--- Instructions for the task ---
Look below for the line with "GameDAO（gamedao.io）无损挖矿教程", then repeat it and all lines after it, exactly, minus any pictures.

--- Data under study ---
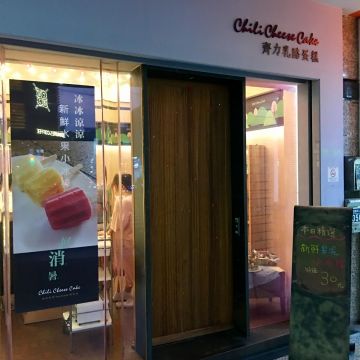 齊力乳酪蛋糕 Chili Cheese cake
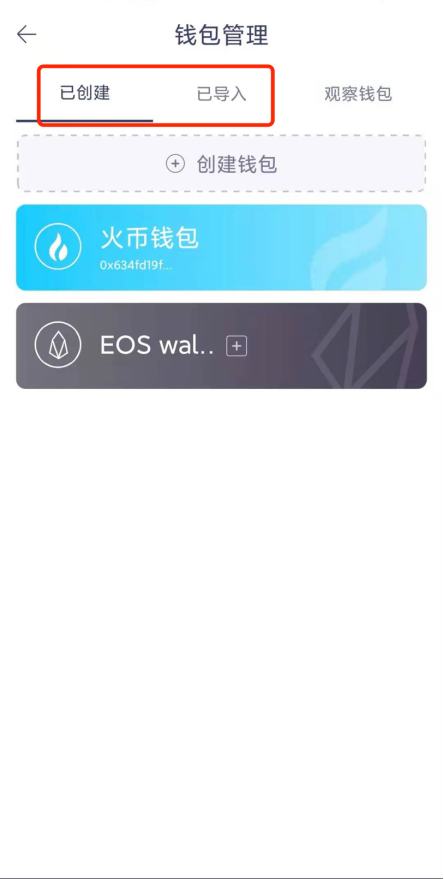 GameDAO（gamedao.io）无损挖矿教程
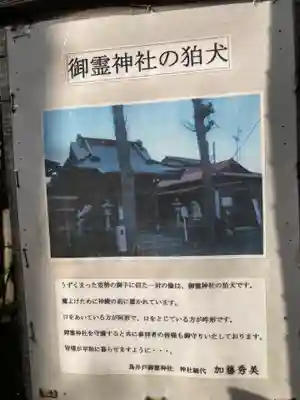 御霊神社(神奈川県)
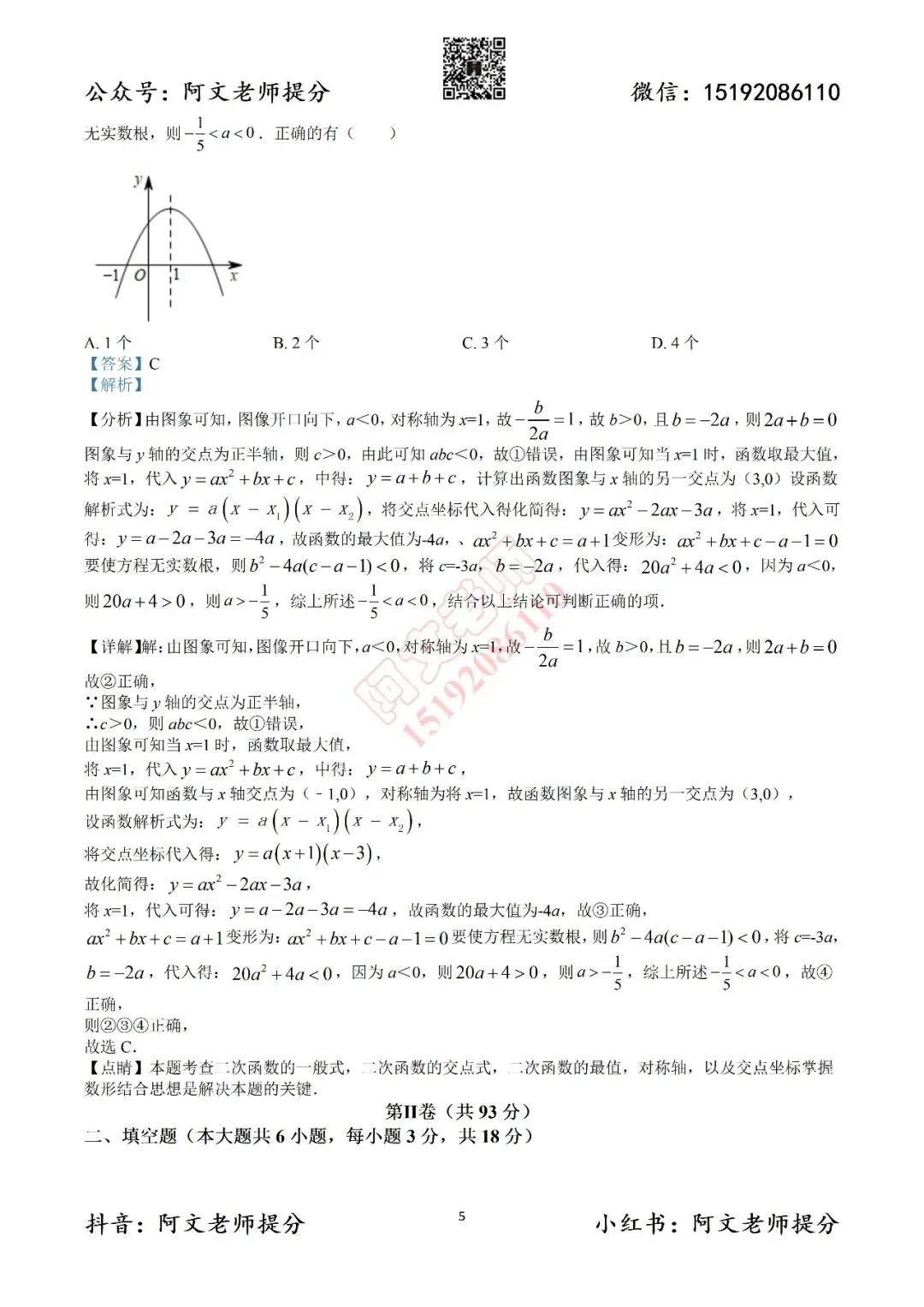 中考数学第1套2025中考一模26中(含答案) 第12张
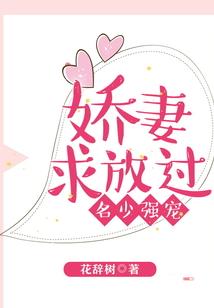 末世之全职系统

--- Result of the task ---
 GameDAO（gamedao.io）无损挖矿教程
 御霊神社(神奈川県)
 中考数学第1套2025中考一模26中(含答案) 第12张
 末世之全职系统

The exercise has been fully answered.